[Exercise objective] Scan the records below for the line with "Ayrı dişli DIN flanşı 54 mm, Çelik" and the line with "Vestavia Queen Bed". Repeat those two lines and every line between them exactly, and nothing else.

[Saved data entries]
***
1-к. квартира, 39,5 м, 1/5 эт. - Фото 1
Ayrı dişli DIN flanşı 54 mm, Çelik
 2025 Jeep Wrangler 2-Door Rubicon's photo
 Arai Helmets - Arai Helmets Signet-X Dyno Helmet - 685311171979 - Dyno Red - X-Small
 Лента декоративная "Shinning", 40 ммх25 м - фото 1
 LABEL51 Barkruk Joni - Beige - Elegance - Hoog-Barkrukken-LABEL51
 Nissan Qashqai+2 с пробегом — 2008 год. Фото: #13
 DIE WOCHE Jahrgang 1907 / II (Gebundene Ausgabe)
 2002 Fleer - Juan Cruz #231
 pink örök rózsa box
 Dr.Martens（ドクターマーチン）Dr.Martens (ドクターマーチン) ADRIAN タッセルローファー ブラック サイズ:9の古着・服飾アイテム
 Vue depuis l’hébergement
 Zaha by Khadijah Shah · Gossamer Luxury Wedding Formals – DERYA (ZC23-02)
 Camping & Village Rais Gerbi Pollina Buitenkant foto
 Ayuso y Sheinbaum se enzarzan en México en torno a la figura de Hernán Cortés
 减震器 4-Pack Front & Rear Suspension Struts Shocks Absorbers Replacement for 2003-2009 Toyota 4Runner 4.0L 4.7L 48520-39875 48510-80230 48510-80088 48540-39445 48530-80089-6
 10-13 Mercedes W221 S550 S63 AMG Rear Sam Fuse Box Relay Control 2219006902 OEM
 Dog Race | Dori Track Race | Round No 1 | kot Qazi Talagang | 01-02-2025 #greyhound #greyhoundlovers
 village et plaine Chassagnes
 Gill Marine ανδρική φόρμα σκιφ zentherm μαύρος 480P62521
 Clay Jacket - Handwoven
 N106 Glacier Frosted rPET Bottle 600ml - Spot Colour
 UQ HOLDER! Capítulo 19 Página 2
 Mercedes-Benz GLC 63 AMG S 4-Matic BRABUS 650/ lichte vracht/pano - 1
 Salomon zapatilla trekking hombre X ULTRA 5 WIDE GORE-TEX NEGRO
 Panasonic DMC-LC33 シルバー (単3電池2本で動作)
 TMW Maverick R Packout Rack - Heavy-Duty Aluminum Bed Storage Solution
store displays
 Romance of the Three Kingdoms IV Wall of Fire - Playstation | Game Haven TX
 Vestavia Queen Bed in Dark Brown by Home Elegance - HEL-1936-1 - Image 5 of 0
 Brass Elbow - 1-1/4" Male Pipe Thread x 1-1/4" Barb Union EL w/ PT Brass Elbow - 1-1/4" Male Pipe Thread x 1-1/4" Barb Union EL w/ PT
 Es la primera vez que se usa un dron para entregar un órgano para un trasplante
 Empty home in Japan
***
[Answer to this exercise]
Ayrı dişli DIN flanşı 54 mm, Çelik
 2025 Jeep Wrangler 2-Door Rubicon's photo
 Arai Helmets - Arai Helmets Signet-X Dyno Helmet - 685311171979 - Dyno Red - X-Small
 Лента декоративная "Shinning", 40 ммх25 м - фото 1
 LABEL51 Barkruk Joni - Beige - Elegance - Hoog-Barkrukken-LABEL51
 Nissan Qashqai+2 с пробегом — 2008 год. Фото: #13
 DIE WOCHE Jahrgang 1907 / II (Gebundene Ausgabe)
 2002 Fleer - Juan Cruz #231
 pink örök rózsa box
 Dr.Martens（ドクターマーチン）Dr.Martens (ドクターマーチン) ADRIAN タッセルローファー ブラック サイズ:9の古着・服飾アイテム
 Vue depuis l’hébergement
 Zaha by Khadijah Shah · Gossamer Luxury Wedding Formals – DERYA (ZC23-02)
 Camping & Village Rais Gerbi Pollina Buitenkant foto
 Ayuso y Sheinbaum se enzarzan en México en torno a la figura de Hernán Cortés
 减震器 4-Pack Front & Rear Suspension Struts Shocks Absorbers Replacement for 2003-2009 Toyota 4Runner 4.0L 4.7L 48520-39875 48510-80230 48510-80088 48540-39445 48530-80089-6
 10-13 Mercedes W221 S550 S63 AMG Rear Sam Fuse Box Relay Control 2219006902 OEM
 Dog Race | Dori Track Race | Round No 1 | kot Qazi Talagang | 01-02-2025 #greyhound #greyhoundlovers
 village et plaine Chassagnes
 Gill Marine ανδρική φόρμα σκιφ zentherm μαύρος 480P62521
 Clay Jacket - Handwoven
 N106 Glacier Frosted rPET Bottle 600ml - Spot Colour
 UQ HOLDER! Capítulo 19 Página 2
 Mercedes-Benz GLC 63 AMG S 4-Matic BRABUS 650/ lichte vracht/pano - 1
 Salomon zapatilla trekking hombre X ULTRA 5 WIDE GORE-TEX NEGRO
 Panasonic DMC-LC33 シルバー (単3電池2本で動作)
 TMW Maverick R Packout Rack - Heavy-Duty Aluminum Bed Storage Solution
store displays
 Romance of the Three Kingdoms IV Wall of Fire - Playstation | Game Haven TX
 Vestavia Queen Bed in Dark Brown by Home Elegance - HEL-1936-1 - Image 5 of 0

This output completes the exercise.